UPDATE Da es in den Kommentaren teilweise mal wieder ausartet, lasse ich zwar aus dokumentarischen Gründen vorerst alles stehen, schließe aber die Kommentare bis mir etwas besseres, vielleicht witzigeres einfällt. Vielen Dank an alle, die sich bis hierhin zu Recht eingemischt und dem Unsinn widersprochen haben!

UPDATE 2 Bezüglich des unten im Text erwähnten S-Bahn-Vorfalls ermittelt jetzt der Staatsschutz und bittet um Mithilfe durch Zeuginnen und Zeugen. 


UPDATE 3 Die Kommentare sind wieder geöffnet, einige werden eingeweißt, mehr dazu hier.

UPDATE 4 Hier kann man im Rahmen der Aktion „Blogger für Flüchtlingespenden.

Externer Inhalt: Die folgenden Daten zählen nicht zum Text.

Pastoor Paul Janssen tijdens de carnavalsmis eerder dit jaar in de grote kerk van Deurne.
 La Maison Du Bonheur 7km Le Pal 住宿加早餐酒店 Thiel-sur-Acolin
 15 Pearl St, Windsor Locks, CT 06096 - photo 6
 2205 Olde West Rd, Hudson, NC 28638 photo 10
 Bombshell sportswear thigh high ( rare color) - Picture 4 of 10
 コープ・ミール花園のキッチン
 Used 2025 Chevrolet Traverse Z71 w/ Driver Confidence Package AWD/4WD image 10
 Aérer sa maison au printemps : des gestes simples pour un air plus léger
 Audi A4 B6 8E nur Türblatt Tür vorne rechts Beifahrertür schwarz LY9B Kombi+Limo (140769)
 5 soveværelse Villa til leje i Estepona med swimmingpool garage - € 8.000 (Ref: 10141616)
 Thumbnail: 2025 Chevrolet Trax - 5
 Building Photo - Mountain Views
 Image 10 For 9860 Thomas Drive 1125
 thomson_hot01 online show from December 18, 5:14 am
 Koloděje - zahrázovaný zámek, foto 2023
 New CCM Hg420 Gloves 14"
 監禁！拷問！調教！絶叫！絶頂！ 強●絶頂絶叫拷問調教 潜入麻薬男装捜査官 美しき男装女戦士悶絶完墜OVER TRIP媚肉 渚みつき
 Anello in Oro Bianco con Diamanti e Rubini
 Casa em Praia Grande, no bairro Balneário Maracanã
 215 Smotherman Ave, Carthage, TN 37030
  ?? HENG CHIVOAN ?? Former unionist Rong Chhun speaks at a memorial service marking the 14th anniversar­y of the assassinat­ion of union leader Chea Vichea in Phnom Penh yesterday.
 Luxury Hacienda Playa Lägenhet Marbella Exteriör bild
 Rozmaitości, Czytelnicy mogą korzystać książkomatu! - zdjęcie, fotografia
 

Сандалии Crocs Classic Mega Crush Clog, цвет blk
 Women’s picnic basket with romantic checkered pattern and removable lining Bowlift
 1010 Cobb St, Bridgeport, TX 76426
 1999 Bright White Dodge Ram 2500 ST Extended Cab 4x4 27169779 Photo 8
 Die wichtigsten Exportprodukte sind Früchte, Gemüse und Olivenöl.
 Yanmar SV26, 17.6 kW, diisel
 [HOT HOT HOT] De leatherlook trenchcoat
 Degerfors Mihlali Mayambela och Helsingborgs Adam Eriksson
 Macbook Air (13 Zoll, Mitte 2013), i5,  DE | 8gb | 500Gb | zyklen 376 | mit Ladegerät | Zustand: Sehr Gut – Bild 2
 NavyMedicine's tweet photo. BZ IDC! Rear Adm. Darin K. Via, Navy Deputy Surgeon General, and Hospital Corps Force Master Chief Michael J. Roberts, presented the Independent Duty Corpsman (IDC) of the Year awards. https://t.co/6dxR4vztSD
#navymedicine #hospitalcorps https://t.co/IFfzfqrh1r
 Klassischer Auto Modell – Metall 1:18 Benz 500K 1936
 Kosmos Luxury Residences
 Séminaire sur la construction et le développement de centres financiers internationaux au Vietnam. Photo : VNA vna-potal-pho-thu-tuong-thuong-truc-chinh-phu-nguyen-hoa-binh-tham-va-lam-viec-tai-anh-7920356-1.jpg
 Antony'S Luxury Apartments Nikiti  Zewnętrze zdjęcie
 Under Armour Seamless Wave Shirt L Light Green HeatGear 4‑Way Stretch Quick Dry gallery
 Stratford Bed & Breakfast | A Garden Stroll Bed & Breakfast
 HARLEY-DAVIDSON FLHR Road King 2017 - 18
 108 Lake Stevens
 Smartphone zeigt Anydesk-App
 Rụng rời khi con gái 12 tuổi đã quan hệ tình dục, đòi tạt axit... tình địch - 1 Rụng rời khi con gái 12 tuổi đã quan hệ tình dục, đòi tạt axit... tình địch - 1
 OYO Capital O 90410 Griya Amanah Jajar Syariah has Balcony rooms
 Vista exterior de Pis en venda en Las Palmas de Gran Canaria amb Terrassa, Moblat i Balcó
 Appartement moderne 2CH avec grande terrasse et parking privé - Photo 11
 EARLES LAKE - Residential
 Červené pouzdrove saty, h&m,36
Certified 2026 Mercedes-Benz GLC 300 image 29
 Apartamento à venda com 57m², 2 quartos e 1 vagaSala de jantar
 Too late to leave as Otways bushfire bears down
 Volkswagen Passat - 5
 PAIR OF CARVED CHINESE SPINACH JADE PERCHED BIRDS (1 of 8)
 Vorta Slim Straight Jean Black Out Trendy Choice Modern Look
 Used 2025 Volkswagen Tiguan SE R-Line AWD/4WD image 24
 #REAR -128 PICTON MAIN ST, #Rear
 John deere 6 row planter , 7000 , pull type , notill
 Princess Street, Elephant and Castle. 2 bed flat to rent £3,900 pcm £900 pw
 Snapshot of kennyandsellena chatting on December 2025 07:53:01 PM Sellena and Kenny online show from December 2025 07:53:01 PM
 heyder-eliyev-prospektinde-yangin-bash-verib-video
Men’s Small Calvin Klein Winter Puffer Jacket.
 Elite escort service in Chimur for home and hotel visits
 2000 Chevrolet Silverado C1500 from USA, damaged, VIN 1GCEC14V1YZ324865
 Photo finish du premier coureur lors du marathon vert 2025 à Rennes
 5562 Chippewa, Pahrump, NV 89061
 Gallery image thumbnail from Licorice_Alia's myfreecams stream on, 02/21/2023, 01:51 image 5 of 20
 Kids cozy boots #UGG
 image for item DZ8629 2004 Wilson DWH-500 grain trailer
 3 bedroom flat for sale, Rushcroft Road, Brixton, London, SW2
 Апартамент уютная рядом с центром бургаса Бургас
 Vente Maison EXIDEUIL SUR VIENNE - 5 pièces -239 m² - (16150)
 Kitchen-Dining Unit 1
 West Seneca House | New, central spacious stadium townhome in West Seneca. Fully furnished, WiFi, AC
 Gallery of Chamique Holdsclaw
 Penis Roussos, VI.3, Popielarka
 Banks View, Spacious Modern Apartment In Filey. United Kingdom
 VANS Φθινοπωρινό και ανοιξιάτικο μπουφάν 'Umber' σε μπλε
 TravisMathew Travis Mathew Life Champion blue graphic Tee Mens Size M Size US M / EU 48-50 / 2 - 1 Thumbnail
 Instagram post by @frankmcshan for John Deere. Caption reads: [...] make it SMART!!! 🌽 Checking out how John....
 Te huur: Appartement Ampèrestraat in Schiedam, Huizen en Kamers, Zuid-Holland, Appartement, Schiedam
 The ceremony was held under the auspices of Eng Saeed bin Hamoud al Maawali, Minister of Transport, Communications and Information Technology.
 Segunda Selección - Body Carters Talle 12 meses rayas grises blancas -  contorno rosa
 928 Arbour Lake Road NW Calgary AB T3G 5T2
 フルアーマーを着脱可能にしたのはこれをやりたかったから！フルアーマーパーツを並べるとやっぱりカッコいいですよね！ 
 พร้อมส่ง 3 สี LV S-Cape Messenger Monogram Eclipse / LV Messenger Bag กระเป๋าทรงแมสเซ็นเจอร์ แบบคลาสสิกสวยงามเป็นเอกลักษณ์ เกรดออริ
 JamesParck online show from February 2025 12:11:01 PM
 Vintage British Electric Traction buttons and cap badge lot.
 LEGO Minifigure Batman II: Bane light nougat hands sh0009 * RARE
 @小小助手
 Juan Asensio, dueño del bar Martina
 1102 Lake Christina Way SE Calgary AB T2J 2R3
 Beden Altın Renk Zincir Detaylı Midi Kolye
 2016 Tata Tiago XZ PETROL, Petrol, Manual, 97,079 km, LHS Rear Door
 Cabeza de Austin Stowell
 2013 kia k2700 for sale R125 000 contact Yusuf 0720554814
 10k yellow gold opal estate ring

In den späten sechziger und frühen siebziger Jahren – als Deutschland noch geteilt war und es eine BRD und eine DDR gab, als die SPD noch eine sozialdemokratische Partei war und als die Gründung des Grünen-Vorläufers AL (Alternative Liste) in Westberlin noch ein paar Jahre dauern sollte – beschäftigten sich Menschen mit der Tatsache, dass Deutschland seine junge Vergangenheit keineswegs aufgearbeitet hatte, sondern dass stattdessen frühere Nazis weiterhin für den deutschen Staat arbeiteten, in den Behörden saßen, in den Unternehmen und in der Politik. Die Gründung der RAF basierte u.a. auf dieser Tatsache, in den Taten der terroristischen Vereinigung äußerte sich die Wut darüber in gewaltsamen Anschlägen und Morden.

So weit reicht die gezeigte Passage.